风停了。
陈墨的手指还捏着那枚铜钱,指尖因用力而泛白。倒写的“引”字刻在树干上,刀口新鲜,边缘没有虫蛀,也不是风吹雨打形成的裂痕——是人划的,就在不久之前。他盯着那个字,呼吸压得很低,像是怕惊动什么。苏瑶没说话,膝盖微曲,半蹲在他侧后方,右手已经搭上了短笛,左手撑地,肩上的布条渗出一圈暗红,但她没去管。
他们站的地方,地面开始不一样了。
不是泥土变硬或变软,而是脚底传来的触感变了。走过的那一段路,枯叶踩上去是脆的,底下有碎石和断根;可现在,鞋底贴着地面前行时,像是踩在一层薄冰上,滑、冷,还有轻微的反弹力,仿佛下面不是土,而是一张绷紧的膜。
陈墨停下,抬起脚,又轻轻落下。
“不对。”他说,声音哑得像砂纸磨过铁皮。
苏瑶抬头,“怎么?”
“地在吸气。”他说。
她没问什么意思。三年前在青川河畔,陈墨说过同样的话——那天夜里三只游魂从水底爬上来,整条河的水面都在往中心凹陷,像被什么东西吸着。当时他也是这么一愣,然后说了句“河在吸气”,接着就把她往后拽了五步。五步之后,他们站的地方没塌,但往前冲的两个巡夜人,连人带灯,直接沉进了水里,连个泡都没冒。
现在,这林子也在吸气。
陈墨慢慢直起腰,目光从树干移到前方。百步开外,那座倒塌的石碑轮廓还在,歪斜地插在土里,碑身一半埋着,一半露着,上面似乎有刻痕,但太远看不清。可就在石碑和他们之间的这片空地上,空气开始扭曲。
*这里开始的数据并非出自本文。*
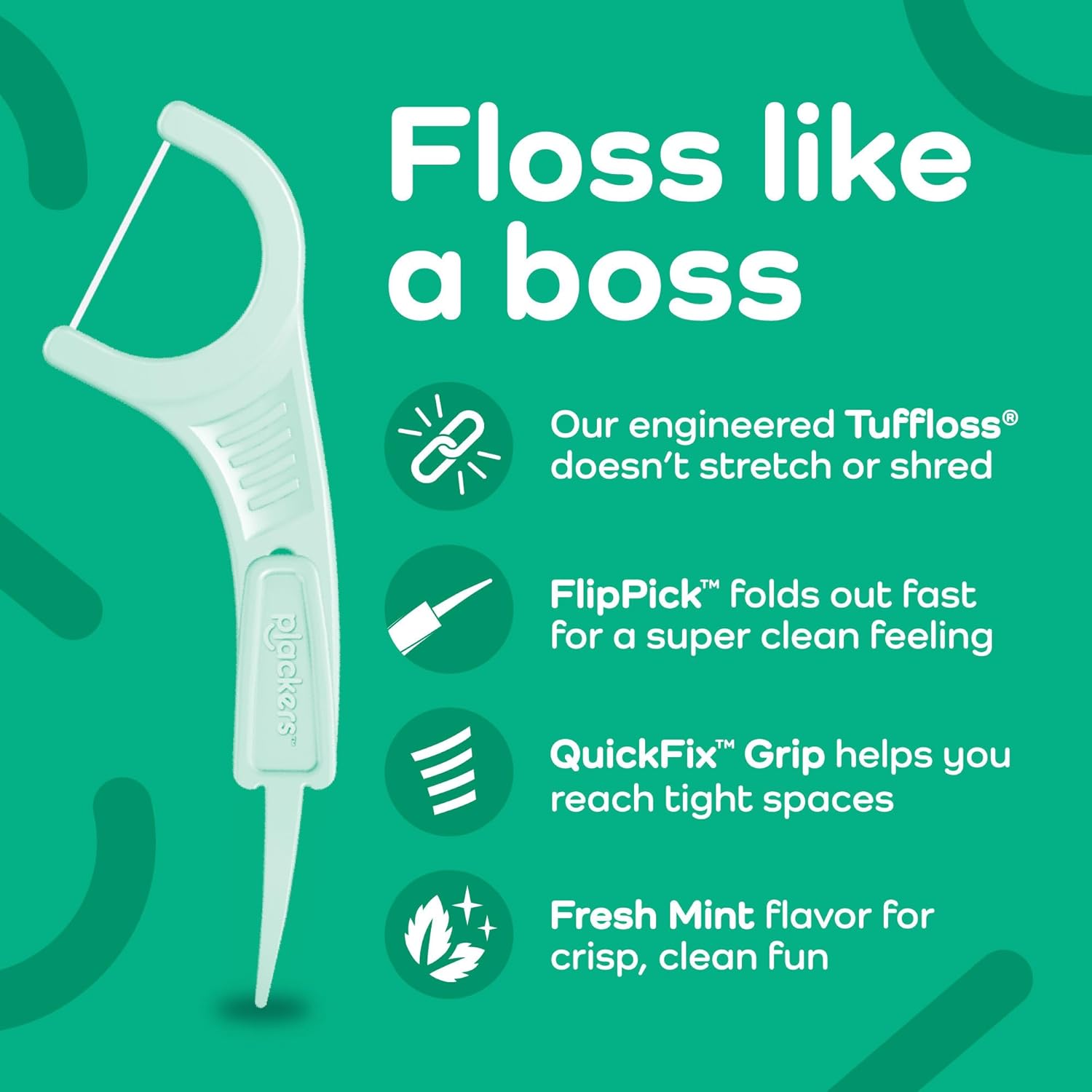 Plackers Micro Line Dental Floss Picks, Fold-Out FlipPick, Tuffloss, E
不是热浪那种晃动,也不是雾气弥漫的模糊,而是像水面上浮着的一层油膜,光线穿过时被掰弯了,景物错位。左边那棵歪脖子槐树,影子投在右边;右边那根断木,影子却朝左拉长。再仔细看,连风都不吹进这片区域——他们身后林子的枝叶还在微微晃动,可眼前这片地,静得像被玻璃罩子扣住了。
“结界。”他说。
苏瑶没应声,只是把短笛横在膝前,手指卡进音孔。她的呼吸节奏变了,不再是疲惫状态下的粗重喘息,而是刻意压住的短促进出,像在数心跳。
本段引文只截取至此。